Rastejando na areia molhada e na água rasa, como se estivessem em trincheiras reais, dezenas de crianças russas participaram de uma simulação militar na margem do rio Don, no sul da Rússia.

A atividade, que contou com gritos de incentivo e até o uso de réplicas do fuzil AK-47, é parte de uma tendência crescente no país: introduzir o treinamento em estilo militar já na infância.

Ao todo, 83 jovens, entre 8 e 17 anos, participaram do exercício organizado por cossacos na região de Rostov, próxima à fronteira com a Ucrânia.

Sob orientação de soldados que já combateram na guerra, os cadetes mirins enfrentaram corridas, rastejadas e simulações de combate.

Alguns usavam uniformes camuflados e empunhavam réplicas de brinquedo, enquanto outros chegaram a carregar armas de verdade.

Autoridades russas afirmam que a iniciativa busca fortalecer o patriotismo e a resiliência das novas gerações.

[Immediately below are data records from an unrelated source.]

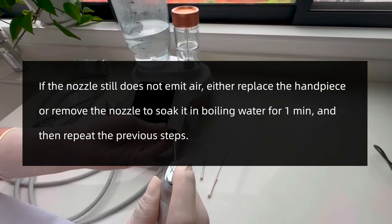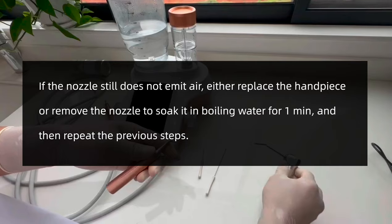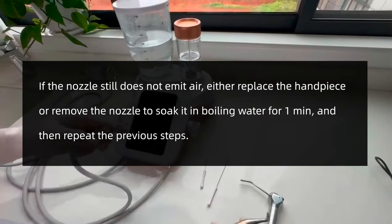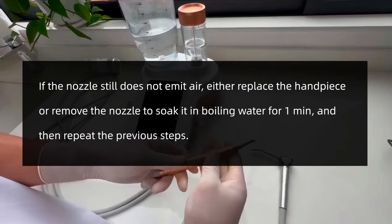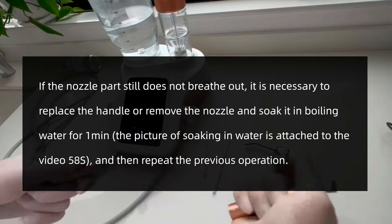If the nozzle still does not emit air, either replace the handpiece or remove the nozzle to soak it in boiling water for one minute, and then repeat the previous steps.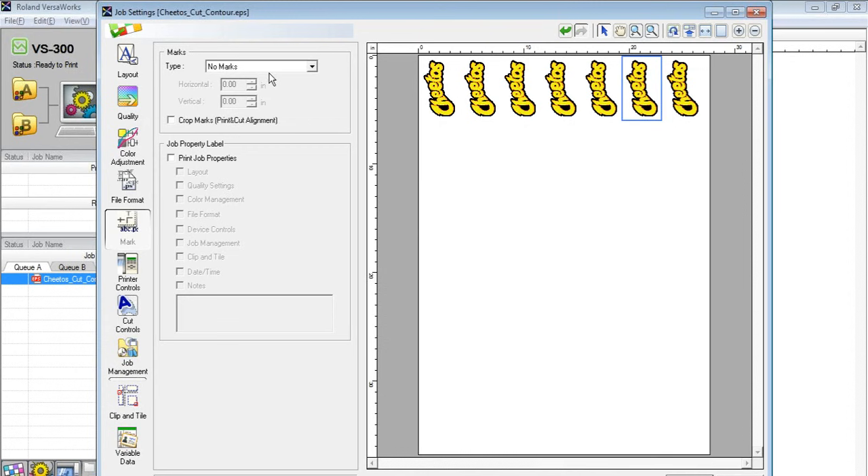Two more things on the Marks tab: Crop Marks for Print and Cut Alignment. When I click this, you won't see a visible change because the marks are printed outside the print area — up at the top of the media and then behind it after the page prints. These print-and-cut alignment marks are used if I'm printing a job, then taking it out to laminate it and bringing it back later to cut through the laminate. The machine can find those registration marks and do the cutting. If you're taking media out of the machine to laminate before cutting, you need these crop marks.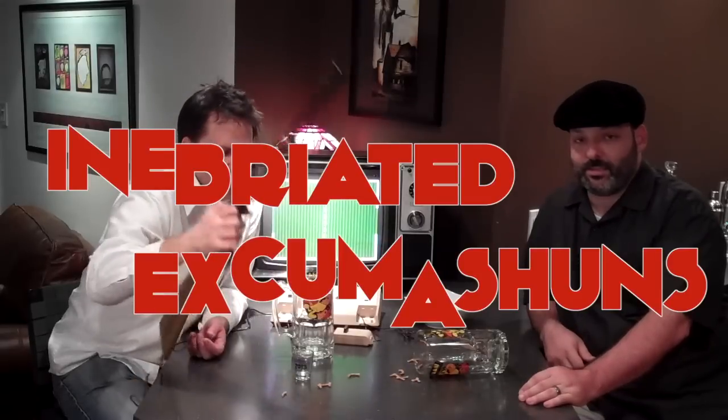Hey, thanks everybody for watching our inaugural episode of Inebriated Exhumations, where we played the Radio Shack Electronics Scoreboard. It was seconds of fun. This is Eddie, and I'm Andy. Thanks for watching, guys — see you next time. Bye!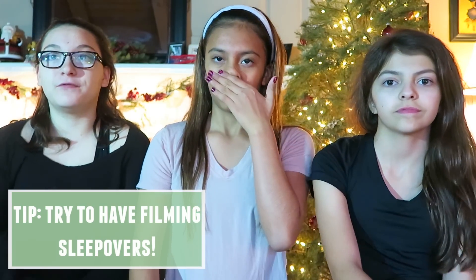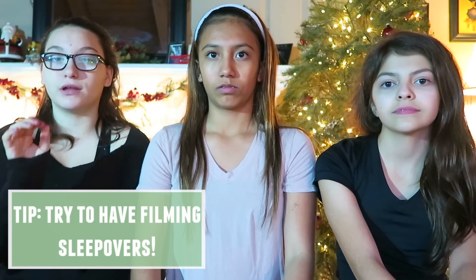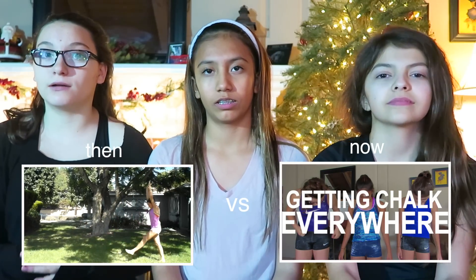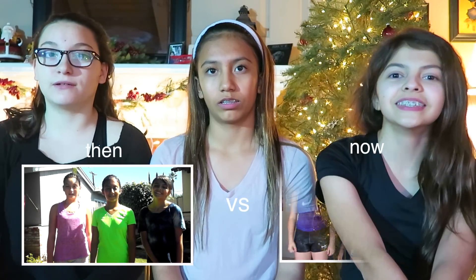You want to make sure you film as many videos as you can in one day. The most we've gotten in a sleepover was like ten. If you can sleep over, film that day you arrive, then wake up really early and do as many videos as you can. But make sure you're not rushing your videos — you still want good quality. If you can tell from our earlier videos, we rushed a lot. Today we filmed for like nine hours and only got five videos, trying to do better quality.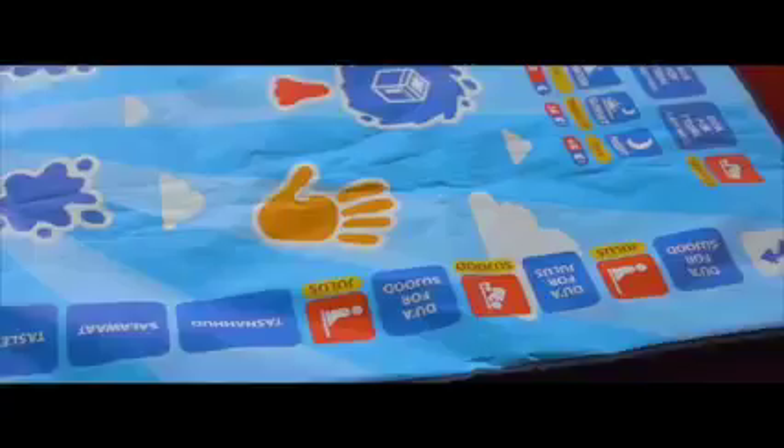You now have the possibility to directly and interactively teach your child the various Salah movements and positions. Children not only perform the Salah on the prayer mat, but can also expand their Islamic knowledge.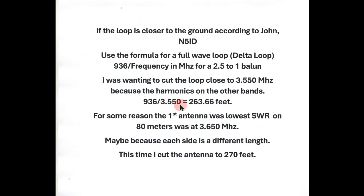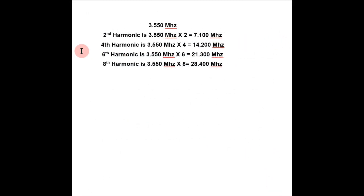I took 936 divided by 3.550 and got 263 — almost 264 feet. The SWR on my old antenna was resonant at 3.650, probably because it was touching a couple of trees. Anyway, I added about another six to seven feet, making it 270 feet, just to experiment and try to bring the resonant frequency into the area I wanted.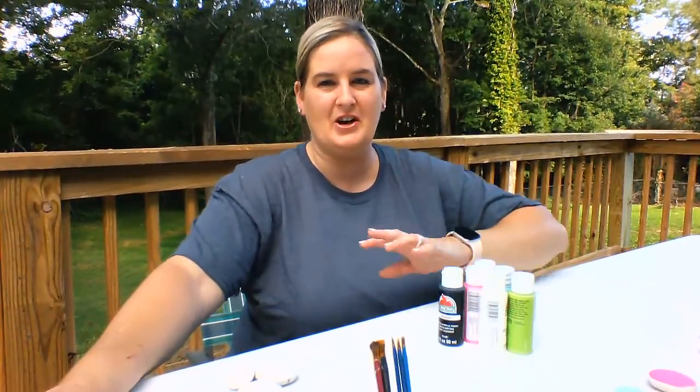Hey everybody, welcome back to DIY Crafts with Stacy. I know we're in a little bit different setting than we have been from the rest of my videos. I got lucky and got a new deck over the weekend, so I thought I would do my video out here today and enjoy the crisp air that we've got going on.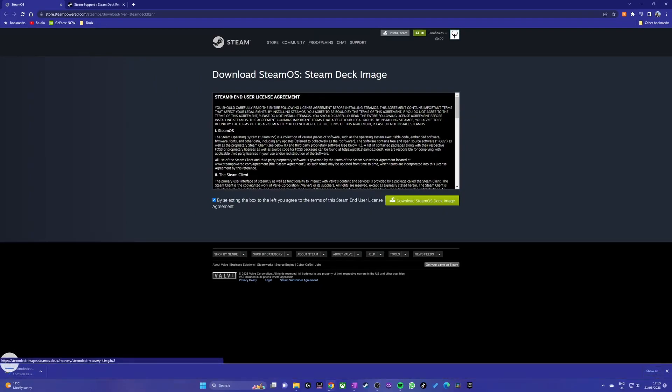Now that you have everything you need, we can get started. The first thing to do is download SteamOS. Head to the Steam Deck image link in the description and download the image file to your computer. Next we need to format the flash drive and write the recovery file to it. Depending on which operating system your computer runs, Valve recommends one of two utilities for this step.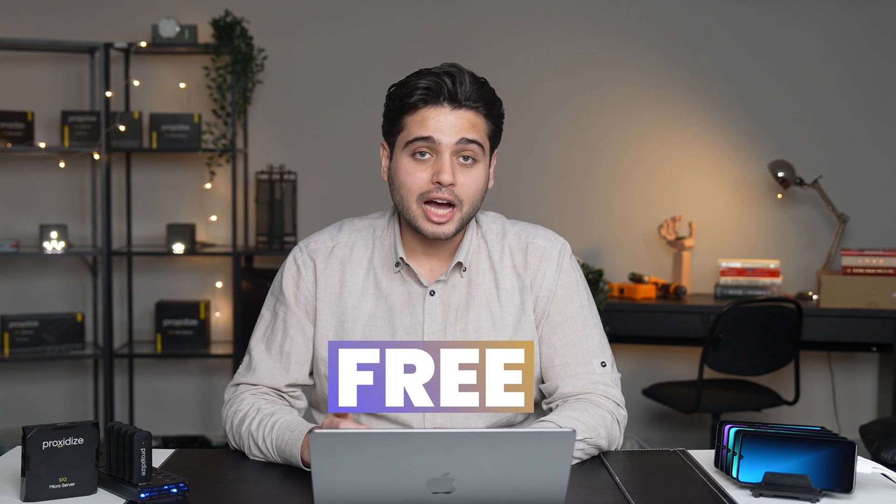By the end of this video, you will have your very own mobile proxies built using entirely free tools that will outperform anything you can buy off the market. Making your own mobile proxies requires some effort initially, but it has a lot of benefits. It will cost you a lot less than buying ready-made proxies, sometimes up to 90% less. It can generate extremely fast proxies with insanely low latency, especially when running a local setup over 5G, plus it's extremely secure and private — so much so that it's impossible to achieve the same levels of privacy and security when buying from any proxy provider.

Já organizações independentes, como a ONG de direitos infantis “Ne Norma”, veem no movimento uma forma de doutrinação e propaganda.

O grupo alerta que ensinar crianças a manusear armas e até construir drones militares nas escolas pode normalizar a militarização precoce.

NEGOCIAÇÕES DE PAZ ENTRE RÚSSIA E UCRÂNIA

Enquanto a militarização infantil avança no país, a diplomacia segue sem consenso sobre o fim da guerra.

De acordo com fontes ouvidas pela agência Reuters, o presidente russo, Vladimir Putin, condiciona um acordo de paz à anexação definitiva de toda a região do Donbas, no leste da Ucrânia, além de garantias de que o país vizinho não ingressará na Otan nem receberá tropas ocidentais.

As exigências contrastam com declarações recentes do presidente dos Estados Unidos, Donald Trump, que, após encontro com Putin no Alasca, afirmou ter garantido que a Ucrânia manteria parte de seu território e que tropas ocidentais poderiam se instalar no país após o conflito.

O presidente ucraniano, Volodymyr Zelensky, já rejeitou abrir mão do Donbas, alegando que isso significaria permitir novas expansões territoriais russas em direção à Europa.

Atualmente, a Rússia controla cerca de 88% do Donbas e 73% das regiões de Zaporizhzhia e Kherson, segundo estimativas norte-americanas.